Sans mesures d’adaptation décisives, les dommages climatiques et leurs conséquences sur l’économie canadienne ne feront qu’empirer. Selon les recherches de l’Institut climatique du Canada, les coûts supplémentaires engendrés au pays par les changements climatiques depuis 2015 ont atteint 25 milliards de dollars en 2025, l’équivalent de six mois de croissance du PIB. Si nous n’agissons pas maintenant, ce montant pourrait atteindre 78 à 101 milliards de dollars d’ici 2050, et un énorme 391 à 865 milliards de dollars d’ici 2100.
En 2021, les inondations extrêmes en Colombie-Britannique, rendues 60 % plus probables par les changements climatiques, ont coupé toutes les routes principales entre le port de Vancouver et le reste du Canada. La route de Coquihalla à elle seule a été endommagée à plus de 20 endroits, interrompant le transport de marchandises valant des milliards de dollars. Des lignes de chemin de fer ont été brisées, des camionneurs ont dû faire un détour par les États-Unis, des agriculteurs ont perdu du bétail et des exportateurs de céréales ont subi des retards massifs. Ces répercussions ne sont pas localisées : elles causent un choc économique à tout le pays.
Pour protéger son avenir économique, le Canada doit adopter une approche de renforcement de ses actifs qui correspond à l’ampleur et à l’urgence de la menace croissante et omniprésente d’un océan à l’autre.
À l’avenir, il faut voir l’infrastructure résiliente comme un projet d’intérêt national. Notre modélisation montre que les retombées sont substantielles : chaque dollar investi dans des mesures clés d’adaptation évite des pertes de PIB de 15 $. D’autres pays comme le Royaume-Uni et la Nouvelle-Zélande agissent déjà, ayant reconnu l’importance des infrastructures et des chaînes d’approvisionnement résilientes à la stabilité économique.
Le Canada doit investir en lui-même et renforcer l’infrastructure essentielle au commerce qui permettra à son économie de résister aux chocs climatiques. Si nous ne parvenons pas à suivre le rythme, notre vulnérabilité augmentera et notre compétitivité s’amenuisera.
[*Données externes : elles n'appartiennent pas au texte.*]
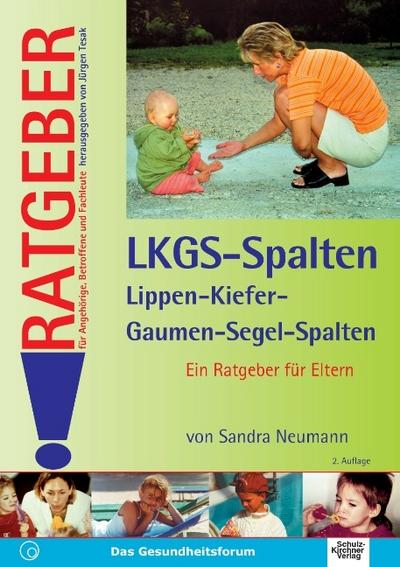 Lippen-Kiefer-Gaumen-Segelspalten (LKGS)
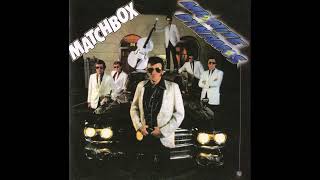 Matchbox - When You Ask About Love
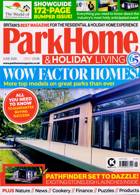 Park Home & Holiday Caravan Magazine Issue JUN 25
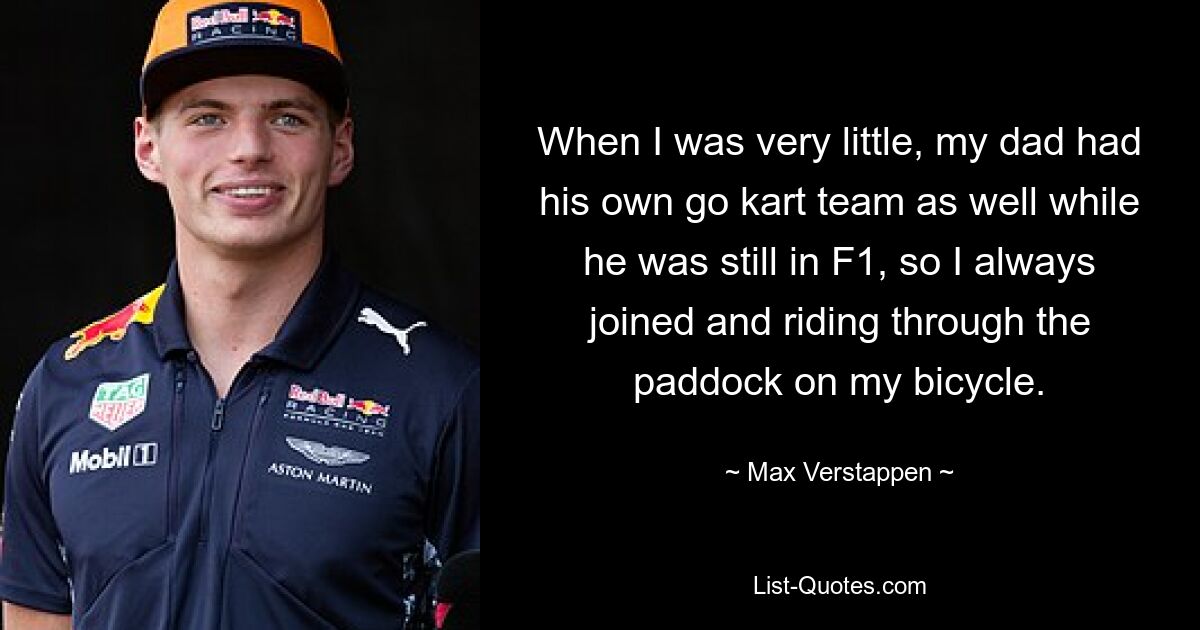 When I was very little, my dad had his own go kart team as well while he was still in F1, so I always joined and riding through the paddock on my bicycle. — © Max Verstappen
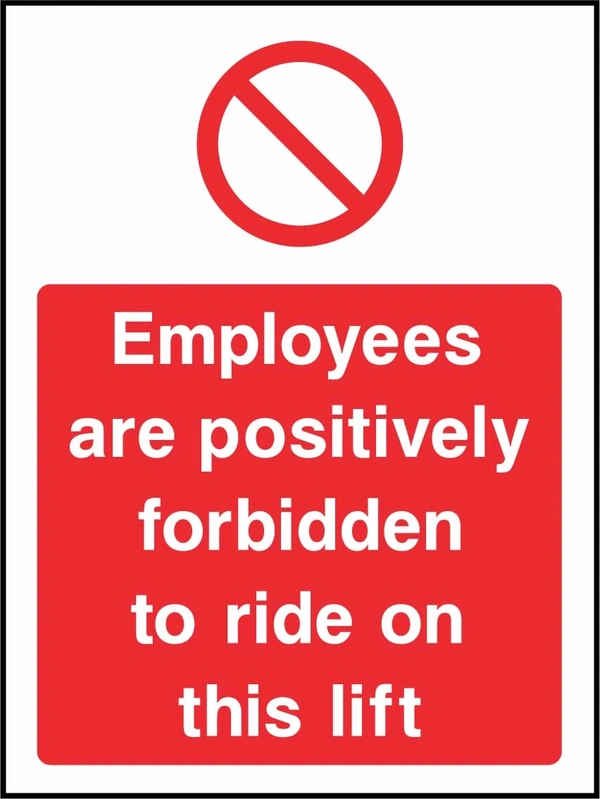 Employees are positively forbidden to ride on this lift sign showing red general prohibition prohibition symbol above wording. Artwork GENE0106.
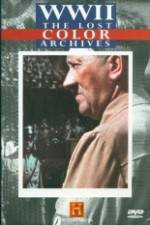 Watch WWII The Lost Color Archives Niter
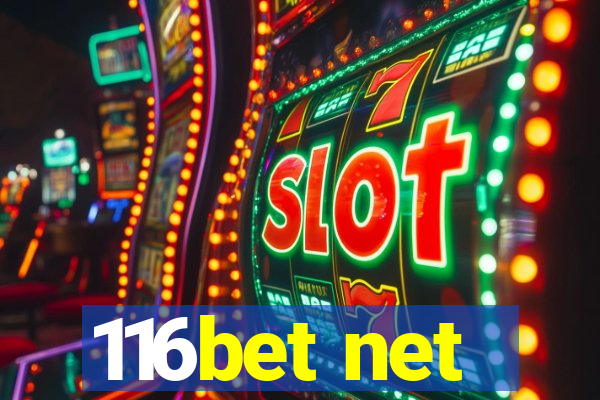 116bet net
À l’instar de l’infrastructure énergétique, les grands projets d’adaptation, notamment ceux liés au commerce et à la productivité, exigent une action urgente et coordonnée de la part des gouvernements fédéral et provinciaux. La priorité immédiate des gouvernements du pays devrait être de protéger les corridors commerciaux et les infrastructures économiques contre les changements climatiques. Il faudra :
- déterminer quelles infrastructures commerciales essentielles sont menacées par des phénomènes climatiques extrêmes, par exemple celles des basses terres continentales de la Colombie-Britannique ou de l’isthme de Chignecto du Canada atlantique;
- consacrer une part des investissements dans les infrastructures commerciales – comme les 5 milliards de dollars promis par le Fonds pour la diversification de corridors commerciaux – à rendre celles prioritaires plus résilientes;
- établir des exigences techniques claires pour les nouveaux projets d’infrastructure commerciale afin d’assurer leur résilience aux changements climatiques.
La résilience climatique n’est plus négociable. Il faut redéfinir les investissements dans l’adaptation aux catastrophes climatiques de plus en plus perturbatrices comme étant essentiels au développement du pays et à la création de richesse à long terme. Les changements climatiques sont incessants, et aussi perturbateurs et imprévisibles que nos voisins du Sud. Nous sommes à la merci des dommages climatiques, et les gouvernements du Canada doivent placer le renforcement des infrastructures au cœur des projets d’intérêt national et de la stratégie économique, dès maintenant.